Exercise details.
In the entries below, find the line with "The 5 Best Grilled" and the line with "Gebildet boutons poussoirs"; copy them and every line between them exactly, but not the pictures.

Data for review.
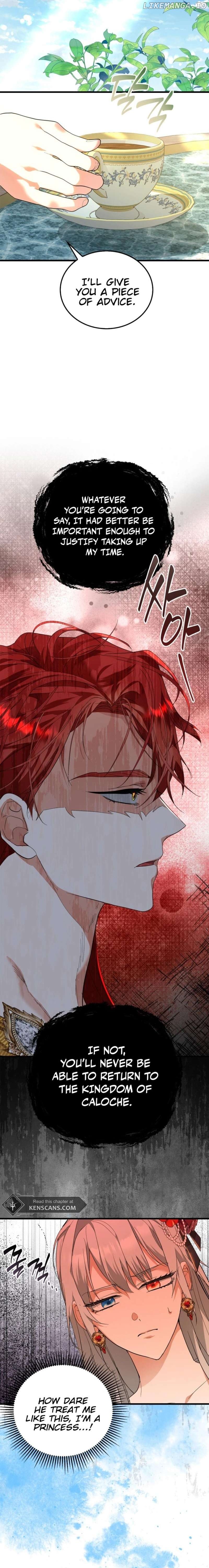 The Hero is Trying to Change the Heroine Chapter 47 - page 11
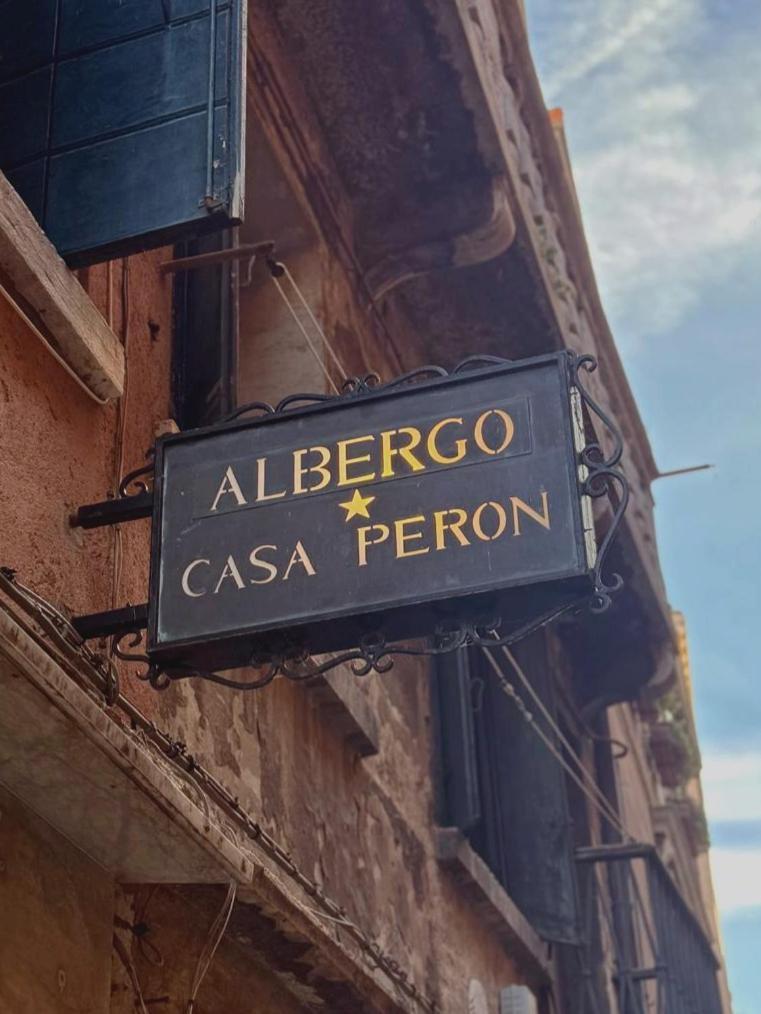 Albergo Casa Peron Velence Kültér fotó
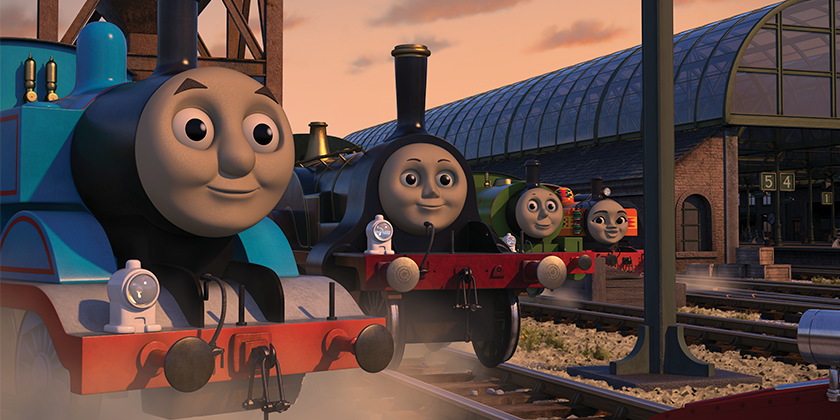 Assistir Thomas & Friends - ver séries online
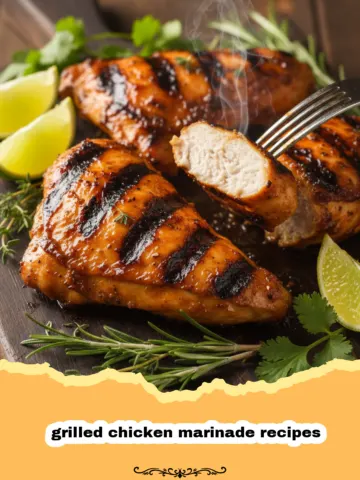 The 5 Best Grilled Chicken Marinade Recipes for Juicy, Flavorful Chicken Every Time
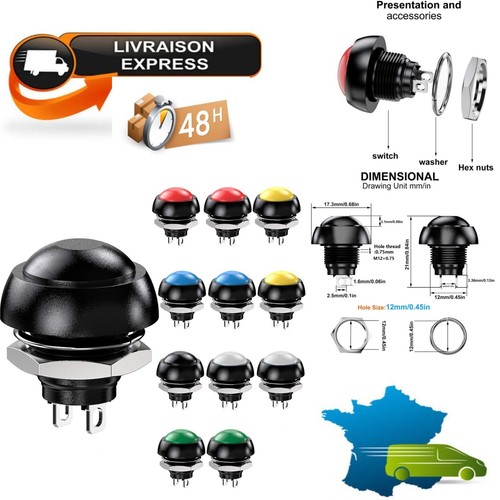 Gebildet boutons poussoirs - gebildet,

---

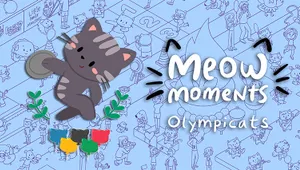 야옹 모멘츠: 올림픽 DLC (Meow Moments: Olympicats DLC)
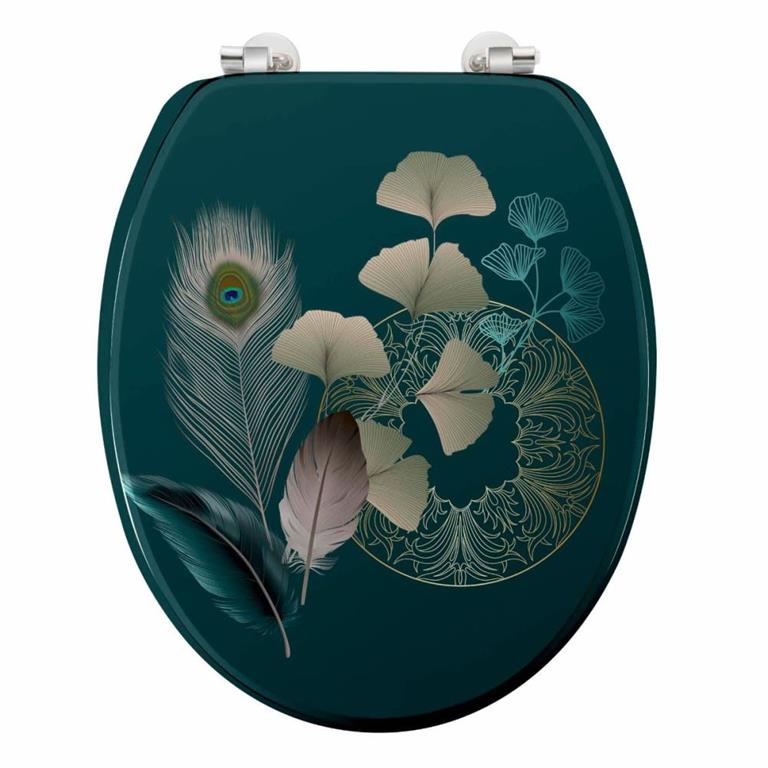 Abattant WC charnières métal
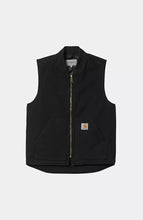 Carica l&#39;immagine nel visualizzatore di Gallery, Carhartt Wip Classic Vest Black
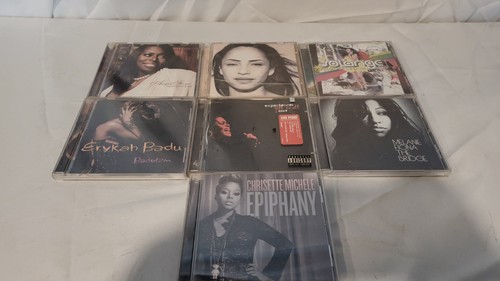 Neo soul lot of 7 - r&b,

Written reply.
 The 5 Best Grilled Chicken Marinade Recipes for Juicy, Flavorful Chicken Every Time
 Gebildet boutons poussoirs - gebildet,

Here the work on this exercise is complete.